Submitted by Fred Patten, Furry’s favorite historian and reviewer.

51vtrw4caklROAR volume 7, Legendary, edited by Mary E. Lowd.
Dallas, TX, Bad Dog Books, June 2016, trade paperback $19.95 (377 pages), Kindle $9.95.

ROAR volume 7, Bad Dog Books’ annual anthology of non-erotic furry adventure short fiction, is the second edited by Mary E. Lowd following last year’s vol. 6 devoted to Scoundrels. It is slightly smaller – 17 stories rather than 28, and 377 pages rather than 394 – but is still larger than the volumes edited by Buck C. Turner. This year’s theme is Legends/Legendary; the legends that anthro animals listen to and live by – or not.

In “Crouching Tiger, Standing Crane” by Kyla Chapek, three Oriental students – a fox, a crane, and a snake – listen to a tigress fortuneteller as she relates the history of their tiger-crane school of martial arts. “The Manchurian government of the Qing dynasty had become corrupt beyond measure. At the same time the Shaolin style [of Kung Fu] had become popular, gaining great respect and power within the martial arts world.” (p. 14) This is the story of how the betrayed Shaolin monks went underground and continued to teach their style, told with anthro animals: The Bengal tiger, snow leopard, and clouded leopard clans, disguised as traveling performers; their meeting the fragile-appearing cranes; marriage resulting despite official disapproval (“‘The Manchu do not look kindly on cross breed relationships, let along cross clan.’” –p. 20); betrayal and death; and the children, foster brothers Hoong Man Ting (crane) and Wu Ah Phieu (tiger), despite their own families’ anthropomorphic disapproval (“‘A crane couldn’t use tiger style because they lack paws with strong digits and claws; conversely a tiger cannot use crane style because he lacks a beak and the stance would be completely unnatural.’” –pgs. 29-30), leading to the climax showing how the two styles were merged.
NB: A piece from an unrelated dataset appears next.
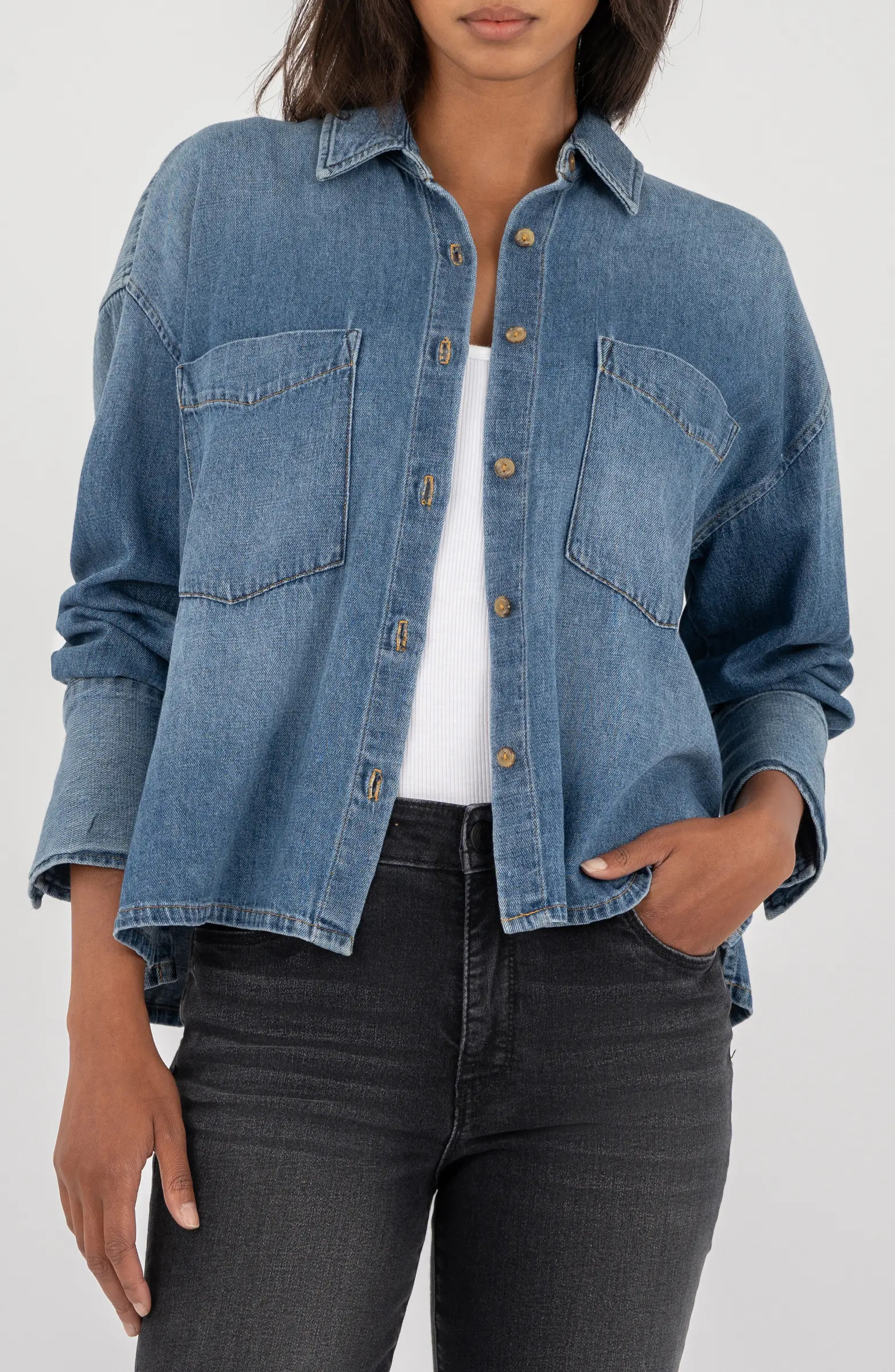 KUT from the Kloth Gertie Denim Shirt | Nordstrom | Nordstrom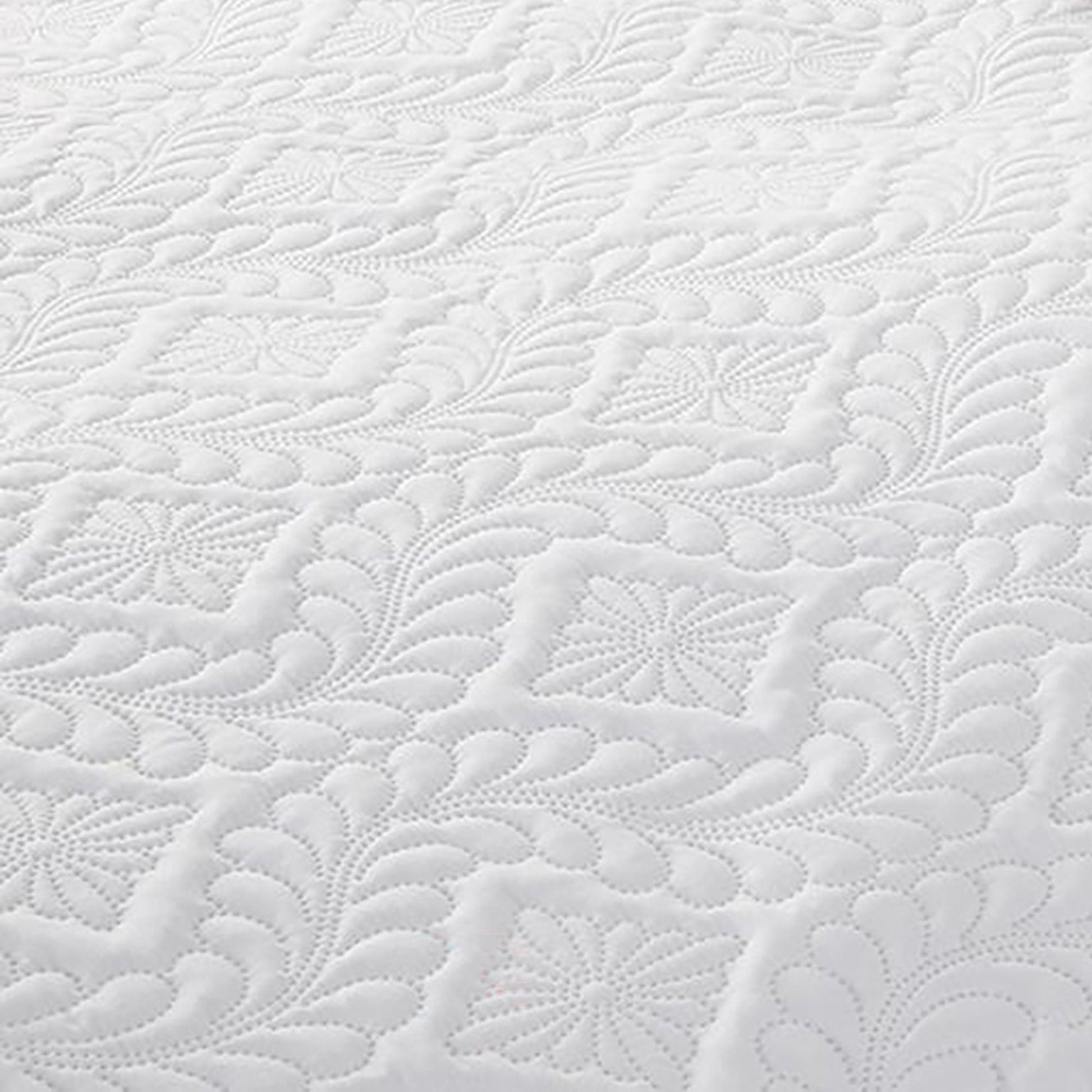 Gianna Bedspread by Serene in White 230cm X 200cm - Bedspread - Serene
“The Frog Who Swallowed the Moon” by Renee Carter Hall, tells how Frog used to have the most beautiful voice in the swamp; until one night when he swallowed a bucketful of water that had the full moon shining in it, and everything went dark. He learns what he must do to replace the moon, but that is why his voice has never been the same.

Hall paints an unforgettable word-picture of the pond in the dark night, except when Frog opens his mouth to talk and blinding moonbeams shoot out. This legend is an ethereal example of poetic writing:

“It didn’t seem to be the pond he’d known as a tadpole. In the stark light of his moonbeam, the pale stones led him across an expanse of water larger than he’d ever seen before. Soon there were no more marsh-reeds or cattails at the edges of his sight. There was only darkness and the moonpath, and when Frog dared to look up, even the stars had disappeared. He didn’t look up again after that, keeping his light and his eyes focused on the stones just ahead.” (p. 53)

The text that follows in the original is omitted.